Github isn't willing to show me content unless I log in or somesuch
nonsense.
> That this failed in -next and -tip in the same way makes me wonder if
> something affecting this is coming in via -tip? Maybe the splat looks
> familiar to x86 folks?
>
> I haven't been able to reproduce locally when my machine is relatively
> load-less. If I do a kernel build in the background, I was able to
> get QEMU to hang, but without any splat. That was using tip/master @
> f81d8f759e7f.
>
> Naresh, when you say "intermittent" do you have any data on the
> relative frequency of this boot failure? (Also, please make sure to
> use [email protected] in the future; we moved mailing lists years
> ago).
>
> Looks like our CI report linked above has an additional splat though
> via apply_alternatives and optimize_nops.
>
> >> [ 0.166742] Code: Unable to access opcode bytes at 0x36.
>
> Peter, that smells like perhaps either:
> commit b6c881b248ef ("x86/alternative: Complicate optimize_nops() some more")

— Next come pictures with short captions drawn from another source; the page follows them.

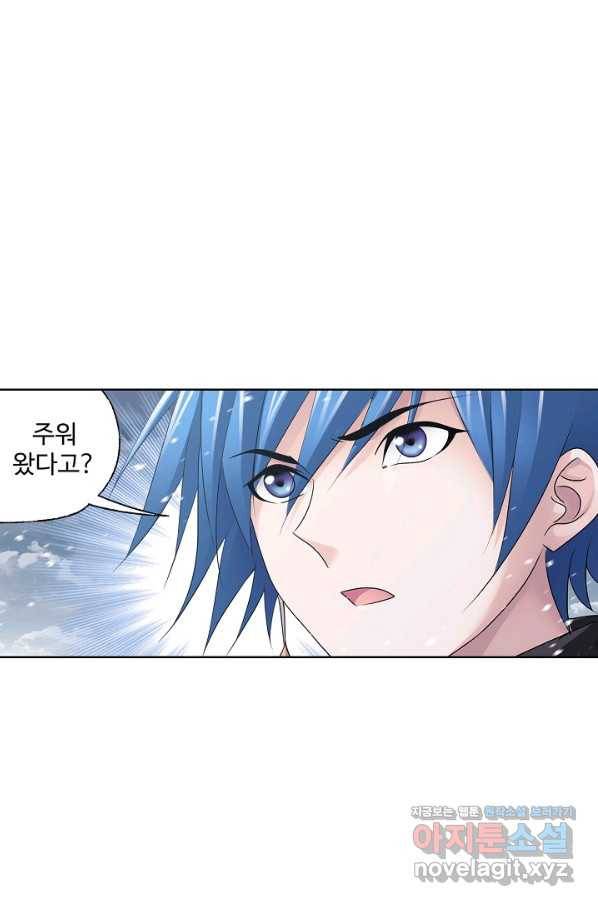 엘피스 전기:SOUL LAND 545화 16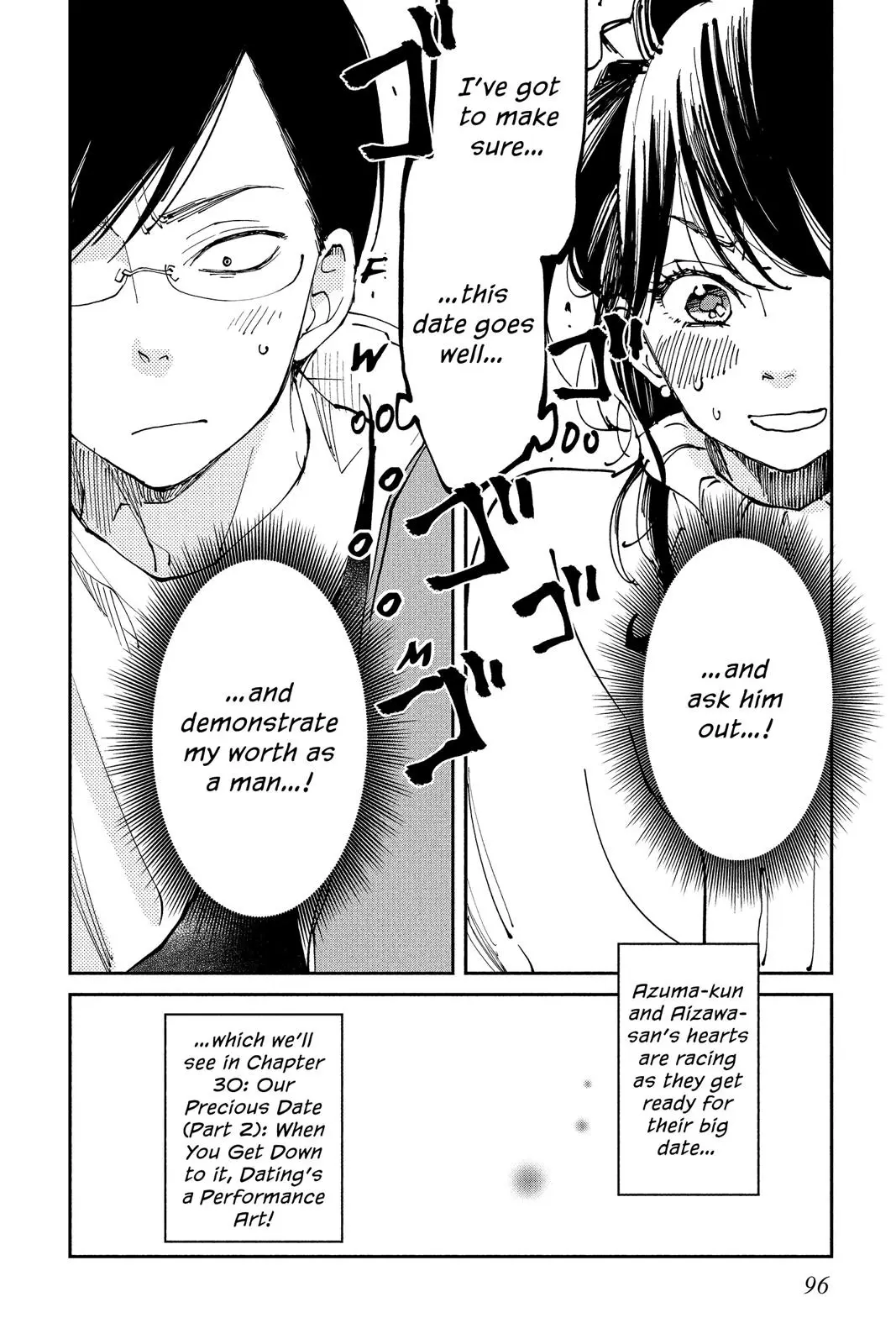 Our Precious Conversations - Chapter 29 - Page 25
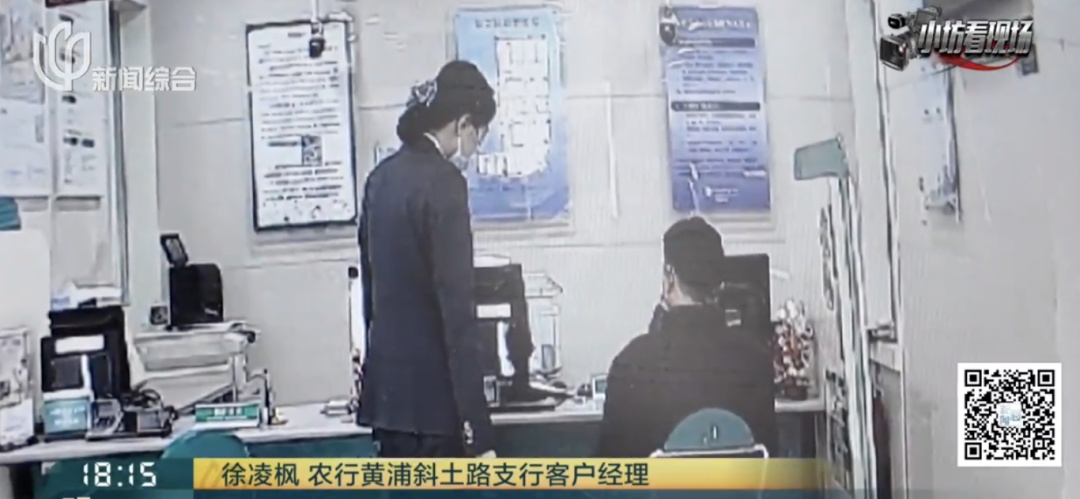 重要提醒！过年红包可别随便抢！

> commit 6c480f222128 ("x86/alternative: Rewrite optimize_nops() some")
So I did find me a 'funny' there, but nothing that explains boot fail.
It would think that 'PAUSE' is a 2 byte NOP and replace it with NOP2;
which is not quite the same thing. The below seems to cure that.
Let me continue poking at things...
diff --git a/arch/x86/kernel/alternative.c b/arch/x86/kernel/alternative.c
index 93aa95afd005..bb0a7b03e52f 100644
--- a/arch/x86/kernel/alternative.c
+++ b/arch/x86/kernel/alternative.c
@@ -159,9 +160,12 @@ void text_poke_early(void *addr, const void *opcode, size_t len);
*/
static bool insn_is_nop(struct insn *insn)
{
- if (insn->opcode.bytes[0] == 0x90)
+ /* Anything NOP, but not REP NOP. */
+ if (insn->opcode.bytes[0] == 0x90 &&
+ (!insn->prefixes.nbytes || insn->prefixes.bytes[0] != 0xF3))
return true;
+ /* NOPL */
if (insn->opcode.bytes[0] == 0x0F && insn->opcode.bytes[1] == 0x1F)
return true;
On Wed, May 24, 2023 at 6:01 AM Peter Zijlstra <[email protected]> wrote:
>
> On Wed, May 17, 2023 at 11:11:51AM -0700, Nick Desaulniers wrote:
> > On Wed, May 17, 2023 at 8:21 AM Naresh Kamboju
> > <[email protected]> wrote:
> > >
> > > Linux next-20230517 build with clang nightly for i386 boot fails intermittently.
> >
> > Keyword: intermittently. That will make tracking this down fun.
> >
> > Our CI also hit a boot failure on tip/master with the same splat:
> > https://github.com/ClangBuiltLinux/continuous-integration2/actions/runs/4998374271/jobs/8957285746
> > Though the CI pulled down a SHA
> > 0932447780e1f9a43bf68ef7fe3d9b41b46d58fc
> > which looks weird on
> > https://git.kernel.org/pub/scm/linux/kernel/git/tip/tip.git/commit/?id=0932447780e1f9a43bf68ef7fe3d9b41b46d58fc
> > >> Notice: this object is not reachable from any branch.
>
> Github isn't willing to show me content unless I log in or somesuch
> nonsense.
Ah, sorry about that.
https://paste.debian.net/1281050/ should be the log of ours.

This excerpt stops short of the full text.